Mais de là à vouloir que l’État renonce à tout rôle, ou presque, n’est certainement pas une solution qui favorise le citoyen : le contraire s’avère souvent vrai. Pensons aux plusieurs instances où le rôle de l’État est nécessaire : Radio-Canada ; le transport public; l’accès aux soins de santé et à l’éducation; les médias communautaires ; les arts et la culture ; l’eau potable ; la recherche scientifique et j’en passe. Ce sont là des piliers de notre société, dont chacun contribue directement à notre qualité de vie. Vouloir à tout prix que l’État renonce à tout rôle dans ces domaines tout en croyant que la société ne s’en porterait que mieux, c’est sombrer dans l’utopie. Qu’on l’appelle néolibéralisme, c’est de l’utopie quand même.
Les néolibéraux de chez nous s’inspirent beaucoup de la situation qui prévaut aux États-Unis de George W. Bush. Le désengagement de l’État si cher au cœur de nos néolibéraux d’ici, en d’autres termes les merveilles du libre-marché tout azimut, c’est par exemple 60 millions d’Américain qui n’ont pas accès aux soins de santé de base. Nos néolibéraux rétorqueront sans doute que les hôpitaux privés américains offrent des services de beaucoup supérieurs à ceux de notre système public. Il fallait y penser, en effet : que l’on prive donc 20% des Canadiens de l’accès aux soins de santé de base ; exigeons aussi de chacun des autres contribuables qui restent qu’ils défraient une partie importante du budget familial pour couvrir les coûts des assurances (privées, bien sûr). Sans doute que nous aurions alors un système hors-pair et dépourvu de files d’attente. Cependant, le coût social et même moral n’en serait quant à lui même pas chiffrable, tellement les conditions de vie de tant de citoyens seraient fragilisées. La privatisation n’est donc pas la panacée dont certains rêvent. Il ne s’agit que de s’ouvrir le moindrement les yeux pour constater que certains problèmes sociaux ne peuvent être réglés qu’en recourant aux leviers que nous offre l’État. Le décrochage scolaire, par exemple : le marché mur à mur ne pourra jamais corriger ce problème, mais l’État pourrait certainement faire une différence en ce dossier, s’il investissait les ressources nécessaires (pas pour accroître la bureaucratie mais pour réellement affronter le problème) et déployait les efforts requis.

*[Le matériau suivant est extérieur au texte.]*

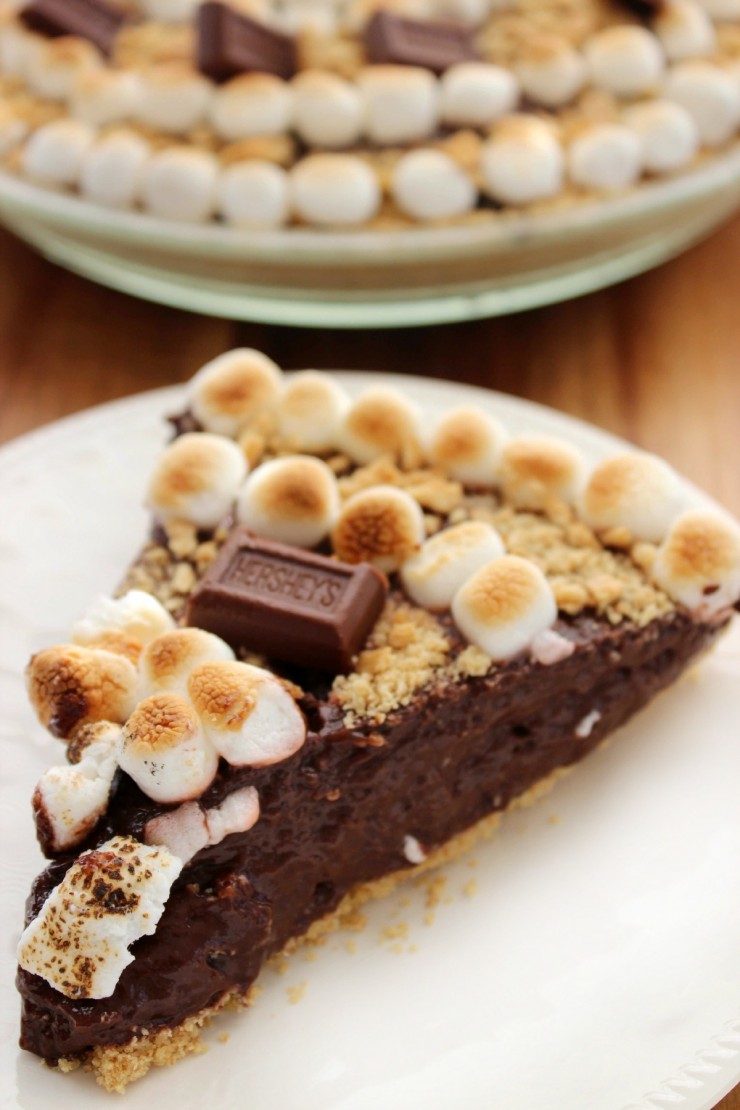 This No Bake S'Mores Pie is a fun twist on the summer camping dessert classic recipe.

Si nous voulons une société où n’importe quel individu prêt à travailler soit susceptible de pouvoir améliorer sont sort, on doit aussi penser à ceux qui n’ont pas joui au départ de l’avantage d’être issus de la classe moyenne. Ceux qui travaillent plus fort doivent certes recevoir leur juste rétribution pour leurs efforts, mais en contrepartie, la responsabilité incombe à l’État, garant du mieux-être collectif, d’assurer à chaque individu l’accès aux outils nécessaire à son autonomisation : l’éducation par exemple.

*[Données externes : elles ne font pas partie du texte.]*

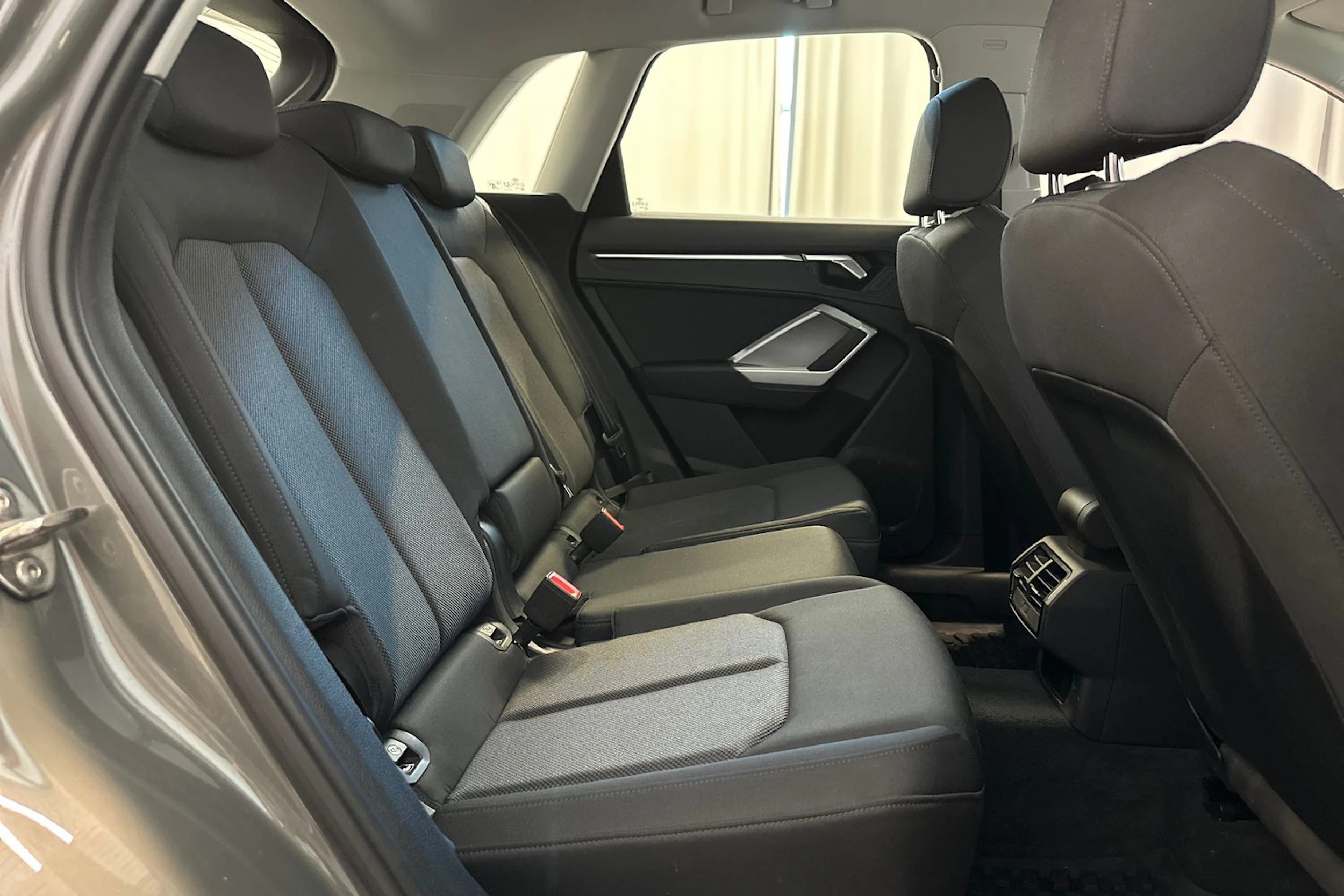 harmaa Audi Q3 2020 kuva 10.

Donc, les vertus du marché, je veux bien, mais pas si elles ne favorisent pas le mieux-être de la société, dont la justice sociale et la préservation de l’environnement ne sont que deux des conditions essentielles. Le marché ne pourra jamais résoudre à lui seul les problèmes sociaux et environnementaux. Ce n’est pas son but ni son rôle. L’État garde donc son rôle, même si ce rôle est appelé à constamment s’adapter aux nouvelles réalités… qui ne sont pas seulement celles que le marché tente parfois d’imposer.